Voici l'un des derniers documents inédits sur la Shoah. Découvert eu Allemagne à la fin des années 1990, l'extraordinaire récit de Helene Holzman, écrit immédiatement après la défaite des Allemands, complète et recoupe les témoignages recueillis en Lituanie par Ilya Ehrenbourg et Vassili Grossman dans
Le Livre noir (Solin/Actes Sud, 1995). Tout commence en 1923 quand Max Holzman et sa femme, Helene, des Berlinois d'origine juive viennent s'installer, pour ouvrir une librairie de littérature étrangère, à Kaumas en Lituanie, ville cosmopolite où les communautés juive, polonaise, russe et allemande vivent en harmonie. Jusque-là florissante, la librairie fut d'abord boycottée à la fin des années 1930 par les Allemands, puis nationalisée, en 1940, à l'arrivée de l'Armée rouge. Avec deux enfants à charge, Marie et Margarete, âgées respectivement de dix-huit et seize ans, les Holzman sont contraints à la précarité. Mais le pire va advenir avec l'invasion de la Wehrmaht en 1941. Max Holzman est arrêté presque immédiatement et disparaît pour toujours tandis que sa fille Marie est fusillée quelques mois plus tard pour propagande pacifste auprès des soldats allemands.

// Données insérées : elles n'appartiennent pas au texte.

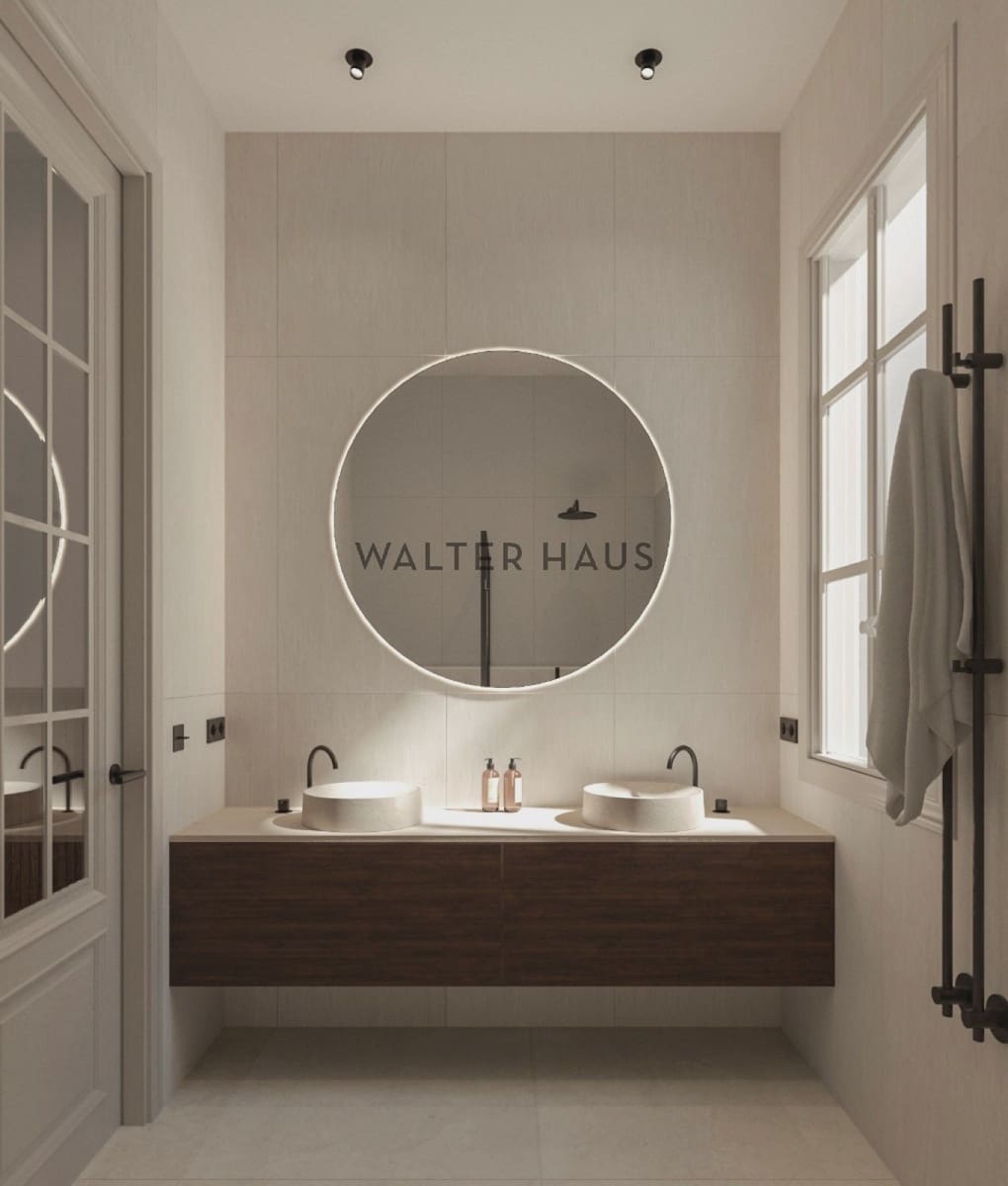 3 soveværelse Lejlighed til salg i Barcelona by - € 1.190.000 (Ref: 9058248)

Helene Holzman, désespérée mais décidée à sauver sa cadette (une demi-juive selon les critères nazis), raconte, dans son précis et précieux témoignage, le quotidien sous l'occupation, la mise en place du ghetto et sa liquidation, les exécutions massives de Juifs avec la complicité d'une partie de la population locale - tout le cortège d'horreurs auxquelles on ne s'habituera jamais. Mais elle montre aussi comment quelques femmes de sa trempe se sont employées dans cet enfer quotidien à sauver le plus possible de vies humaines. Sa fille Margarete, qui a survécu, vit aujourd'hui en Allemagne.
Allemande d'origine juive du côté de son père, Helene Holzman (1891-1968) a été peintre, libraire, enseignante d'allemand et professeur d'arts plastiques. Brisée par la terreur nazie, elle a gardé secret jusqu'à sa mort le texte de son exceptionnel témoignage sur les années 1941 à 1944 passées en Lituanie. En 2000, sa fille rescapée, Margarete, le confie à un écrivain allemand qui l'a édité, annoté et préfacé. Ce poignant récit autobiographique (Cette enfant vivra, Actes Sud/Solin, 2002) a reçu le prestigieux prix allemand "Geschwister Scholl".